Бетховен предопределил судьбу Эвелин одним субботним утром в октябре 1934 года, когда вместе с двумя другими девочками — скрипачкой и виолончелисткой — она должна была играть одно из ранних фортепианных трио Бетховена перед преподавателем камерной музыки. В таком составе и с этим учителем (Эвелин не запомнила его фамилию — что-то немецкое, вроде Моссбаха или Моссбахера) они занимались впервые. Повелительно восседая на зеленом диване, преподаватель велел трем девочкам начинать, но едва они заиграли, как он накинулся на Эвелин: «Ты не держишь темпо, дорогая, ты играешь слишком фортиссимо, не налегай на педаль, левая рука должна вступать одновременно с виолончелью».

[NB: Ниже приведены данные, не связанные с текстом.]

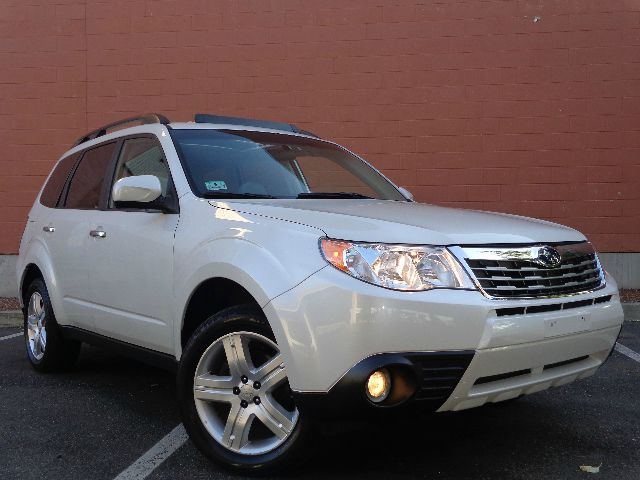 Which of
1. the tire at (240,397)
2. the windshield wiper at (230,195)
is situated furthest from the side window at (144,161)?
the tire at (240,397)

Эвелин не могла утверждать, что это были его точные слова, потому что он гундосил и завывал — его английский был словно из другой эпохи, интонации выше, чем она когда-либо слышала. К тому времени она уже превратилась в спокойную, владеющую собой девушку, но сдерживать слезы было не легче, чем воду, готовую прорваться сквозь плотину. К тому моменту, как деревянные часы на каминной полке показали, что урок закончен, они успели сыграть только первые такты фортепианного трио Бетховена.
Эвелин убежала в туалет наверху, заперла дверь, и из нее хлынула рвота, а затем слезы и сопли. Никто этого не слышал. Она закрыла голову руками, чтобы не было видно, схватила пальто и поехала домой в Куинс. Михаэла заподозрила неладное: по субботам Эвелин никогда не возвращалась так рано. Молча посидев несколько минут на диване в гостиной, Михаэла отправилась к Чезару, просматривавшему счета за столом на кухне, и тихо потребовала созвать семейный совет, на котором Эвелин вынуждена была рассказать, что случилось. Чезар счел, что она должна остаться в школе на Чатем-сквер, но учителя камерной музыки нужно сменить. Михаэла послушалась Чезара, который решил, что не следует ничего предпринимать, пока они не поразмыслят о последствиях.
Они поступили так, как он сказал, однако, в любом случае, все разрешилось на ежегодном июньском школьном концерте, третьем для Эвелин. Она сыграла все двадцать четыре прелюдии Шопена по памяти. Затем последовали громкие аплодисменты и поздравления. Даже Адель ее поздравила, а Чезар с Михаэлой послали большой букет, который доставила на сцену долговязая Кэролайн, скованно поцеловав Эвелин. Хоцинов, каждый год устраивавший прием после концерта, подошел к ней и сказал, что хочет с ней поговорить — в скором времени.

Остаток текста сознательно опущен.